Closed dantonnoriega closed 7 years ago
Passes all editors' checks, is a good fit
Seeking reviewers...
Reviewers: @Robinlovelace Due date: 2016-07-18
@Robinlovelace Due date: 2016-07-18 - hey there, it's been 37 days, please get your review in soon, thanks :smiley_cat: (ropensci-bot)
Thanks for the reminder and opportunity - here is my review of the package:
GTFS is becoming the worldwide standard for sharing information about public transport systems. This makes it hugely important for the transport industry, public sector organisations trying to direct such systems in socially beneficial directions, and for researchers who have a range of motivations including the need to transition away from fossil fuels to save the world.
In any case, GTFS data is largely out of reach for the humble citizen like you and me. Googling "software gtfs data" reveals a cottage industry of GTFS editors and viewers, but little in the way of open source software for accessing this vital new file format. A GIS StackExchange question further shows the lack of cohesion around a single open source product (the World Bank provides a more up-to-date list of tools that can interact with GTFS data).
R is a powerful language that provides an emerging set of transport tools via packages such as stplanr, so rOpenSci is the ideal place for the development of a new package to make GTFS available to the world, in the spirit of citizen science.
The package is installed and loaded easily with:
devtools::install_github('ropenscilabs/gtfsr')
library(gtfsr)
The most common thing that someone will want to use the package for, I imagine, is read in a GTFS file. This can be done easily and, based on a few tests of feeds from transit.land, reliably:
# this one failed for some reason
u = "https://www.bjcta.org/wp-content/uploads/2016/05/BJCTA_GTFS_0516.zip"
# the example in the README works
u = "http://www.co.fairbanks.ak.us/transportation/MACSDocuments/GTFS.zip"
# as does this giant one from Rio de Janeiro
u = "http://dadosabertos2.rio.rj.gov.br/dadoaberto/google-transit/google_transit.zip"
# as does this one from the USA
u = "http://www.bart.gov/dev/schedules/google_transit.zip"
gtfs_obj = import_gtfs(u)
The next logical thing you would want to do is plot the result. (Suggestion: make simply loading and plotting GTFS data appear earlier and more prominently in the README.)
This can be done easily with the sensible but clunkily-named map_gtfs_agency_routes()
. Suggestion: rename this verbosely name function or create a new generic plotting function called simply map_gtfs()
:
map_gtfs_agency_routes(gtfs_obj)
map_gtfs_agency_routes(gtfs_obj, include_stops = TRUE)

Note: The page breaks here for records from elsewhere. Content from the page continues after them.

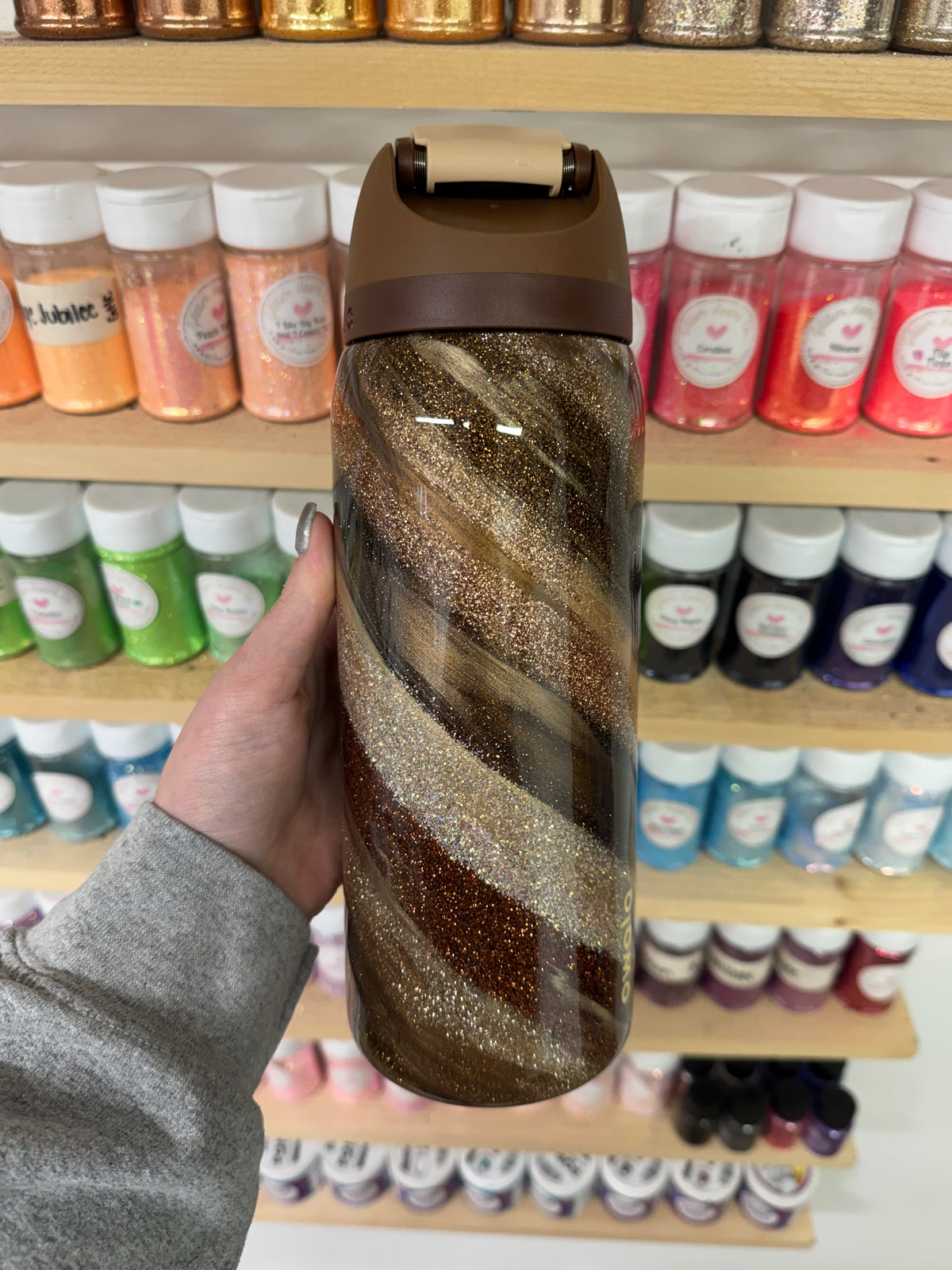 Gold and Brown Milkyway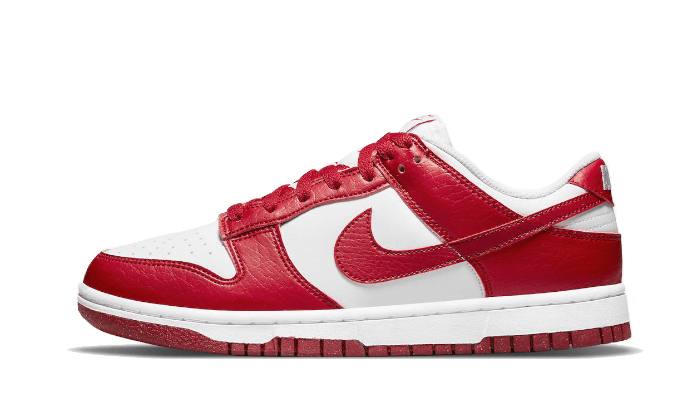 Nike Dunk Low Next Nature White Gym Red (Women's)-sneakers-Nike-pikastore.cz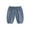 Blue, variant on GXFC Toddler Baby Boys Cargo Pants Children Boys Casual Drawstring Button Athleisure Sweatpants with Pocket for Kids Boys 6M-4T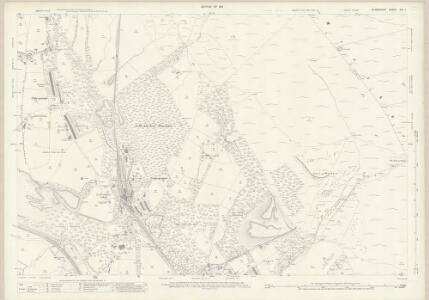 Glamorgan XIX.1 (includes: Aberdar; Llanwynno; Merthyr Tudful) - 25 Inch Map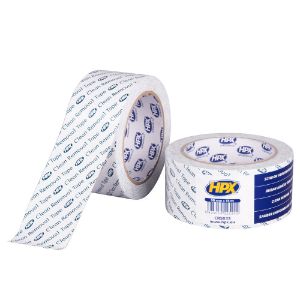 Afbeeldingen van HPX Schoonverwijderbare PVC tape 50mm x33m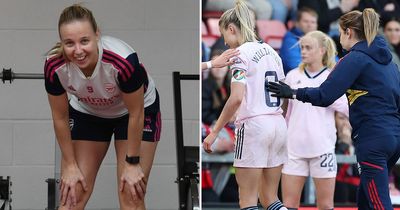Inside Leah Williamson and Beth Mead recovery journey as ACL injuries in spotlight
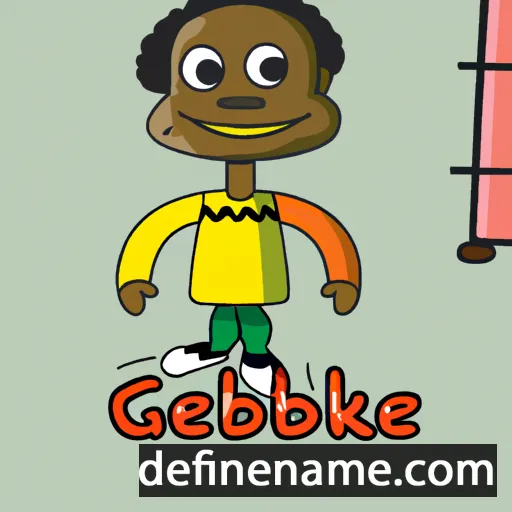 Gbekelolu cartoon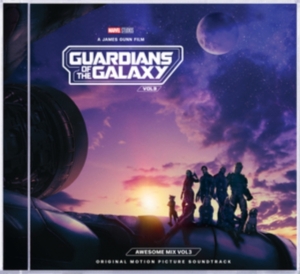 Blandade Artister - Guardians Of The Galaxy Vol. 3 (CD) in the group CD / Pop-Rock at Bengans Skivbutik AB (4261279)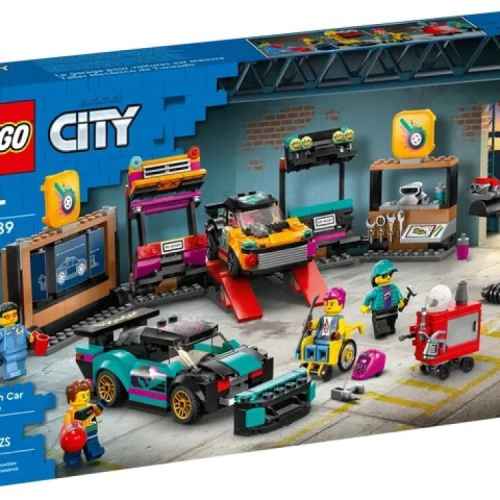 Конструктор LEGO City Сервиз за тунинговане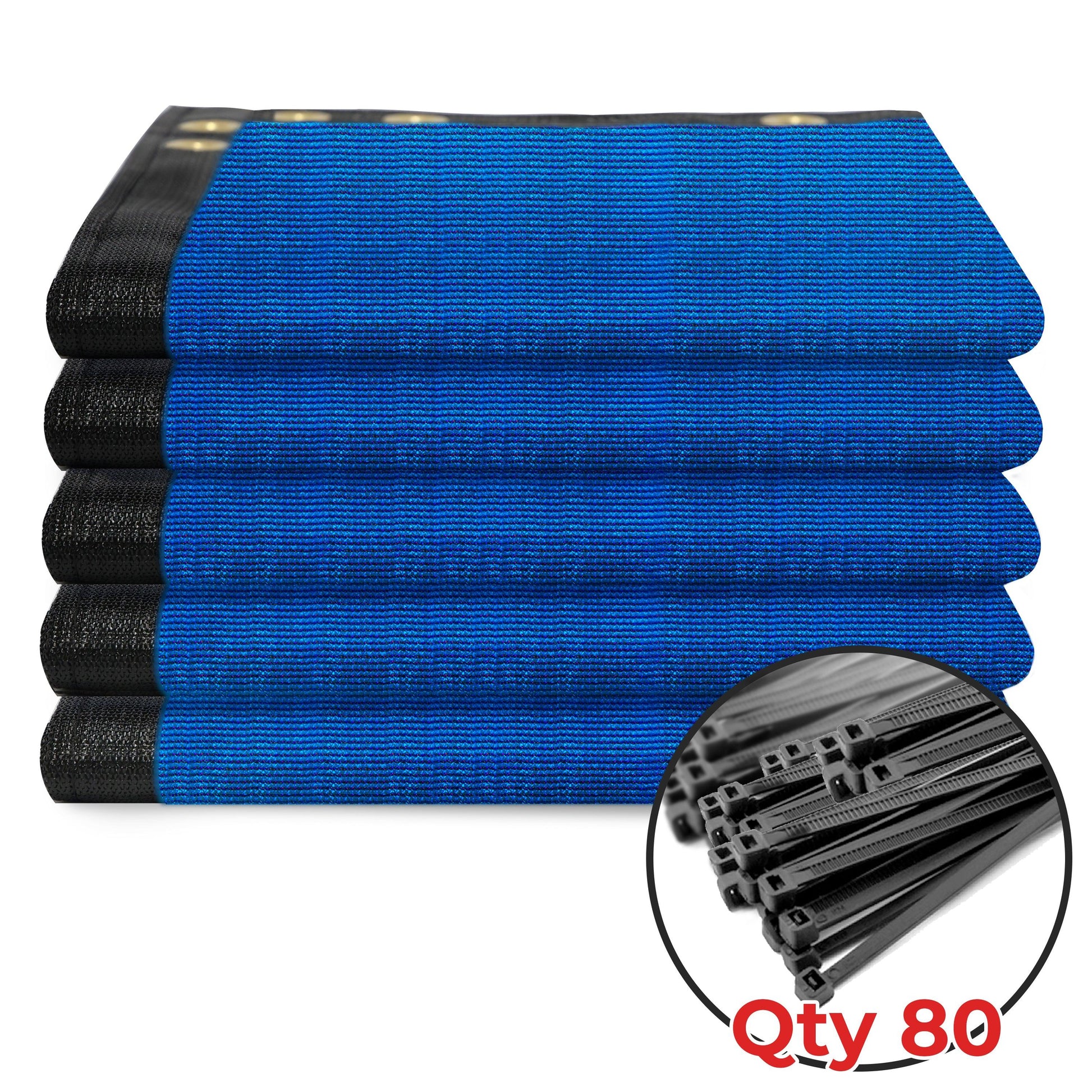 Blue_AMGO_Private_Fence_Screen_Floding_Diagram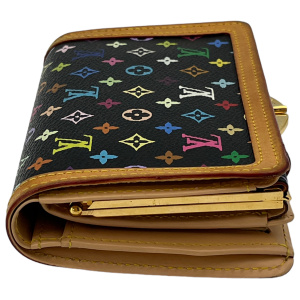 Louis Vuitton Viennois Multicolor Black Wallet Limited editions Louis Vuitton 26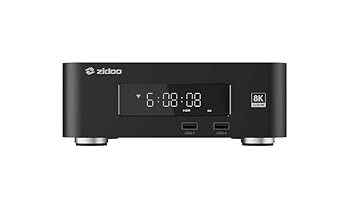 【中古】zidoo 4K HDRメディアプレーヤー 4K Android TVボックス Android 9.0 OS ヘキサコア 64ビットプロセッサー 2G+16G VS10画質エンジン HDR10+MKV 94,710円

I think in most cases users will want to see the stops. Suggestion: make include_stops = TRUE
the default option in this function and the yet-to-be created generic map_gtfs()
.
A useful feature of the package, that goes above and beyond other GTFS software, is its ability to search for public GTFS feeds, using the transitfeeds.com API key. The guidance on how to get a key in the README is good. However, advice for storing the key could be better: the set_api_key()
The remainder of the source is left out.